Cinematheque: L’Âge d’or (Buñuel, 1930)

What a first feature this is! I had a slack-jawed grin for almost the entire duration of Buñuel’s hilarious and absurd inaugural slap in the face of religion and the upper class (inaugural ‘feature-length’ slap, at least). While much of the symbolism in the film would hardly be extreme in recent contexts constructed by Antichrists and Holy Mountains, the structural graininess of pre-WWII celluloid intuitively evokes a slightly conservative viewing palette (Guy Maddin’s sense of humor capitalizes on this), and makes the radical nature of the film still potent today. Always ready for a good Jesus bashing, this film satisfies so many of my cynical urges: throwing clergyman out of second-floor windows, slapping careless women, and shooting bratty children dead in their steps.
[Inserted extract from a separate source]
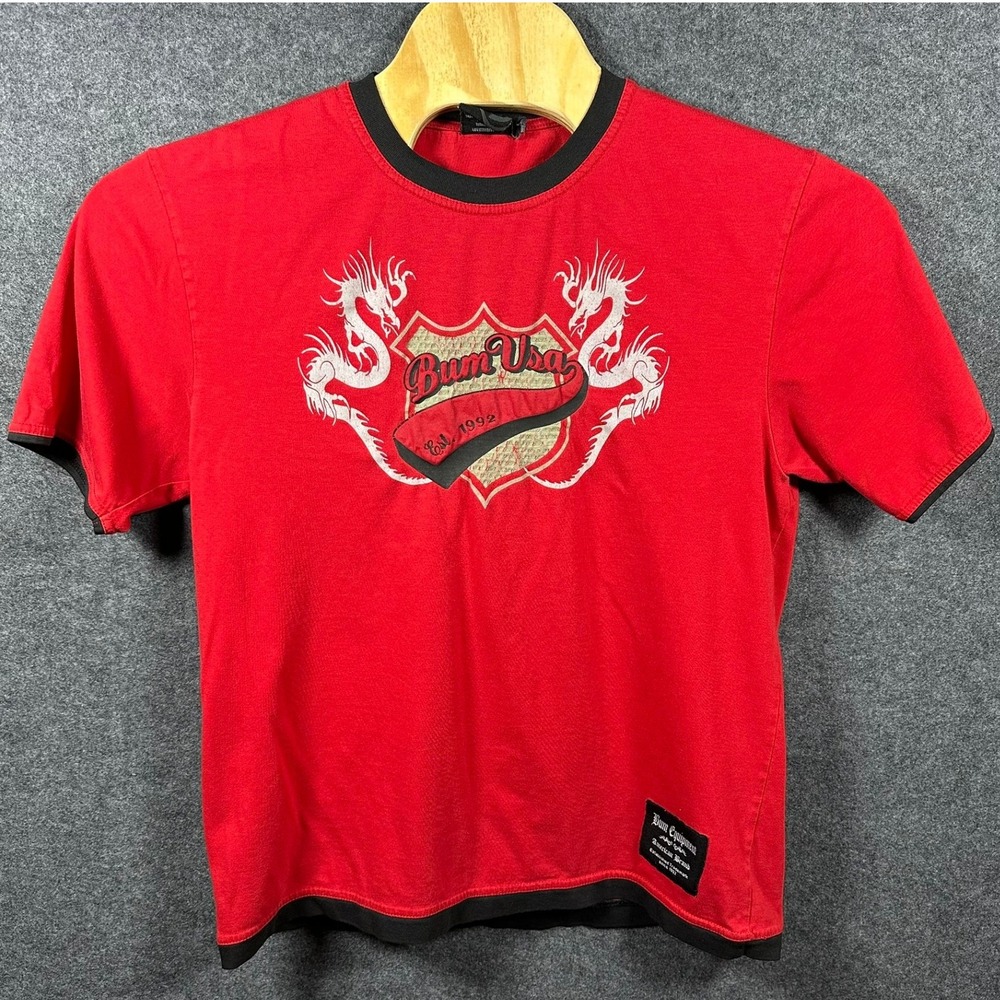 BUM USA Graphic T Shirt Red Dragon Logo Short Sleeve Men's Size 3 Large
Luis Buñuel’s captial ‘S’ Surrealism is triumphantly and intelligently absurd, while faker ‘surreal’ filmmakers like Jean-Pierre Jeunet and Michel Gondry come across as insignificantly quirky in comparison.
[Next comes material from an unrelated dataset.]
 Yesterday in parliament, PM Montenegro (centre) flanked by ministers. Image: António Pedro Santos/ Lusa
Offering up an interpretation of the film’s narrative and symbols not only seems unmanageable for anyone without a sturdy background in the founding ideologies of Surrealism, but unnecessary. More than Buñuel and Dalí’s prior, and similar, Un Chien Andalou, this film’s subtext is more viscerally accessible. The prologue explaining the behavioral nature of scorpions is just as much of a non sequitor as the cow in the bed or the burning kitchen, but they are intuitively linked to the goings-on in the film in ways that makes the film richer rather than obtuse, such as the cutting of the eye at the beginning of Andalou, which I cannot find purpose in other than as a memorable shock tactic (not to say that it is empty and meaningless, but that it is detached from the narrative thread, and can only be integrated through an academic interpretation).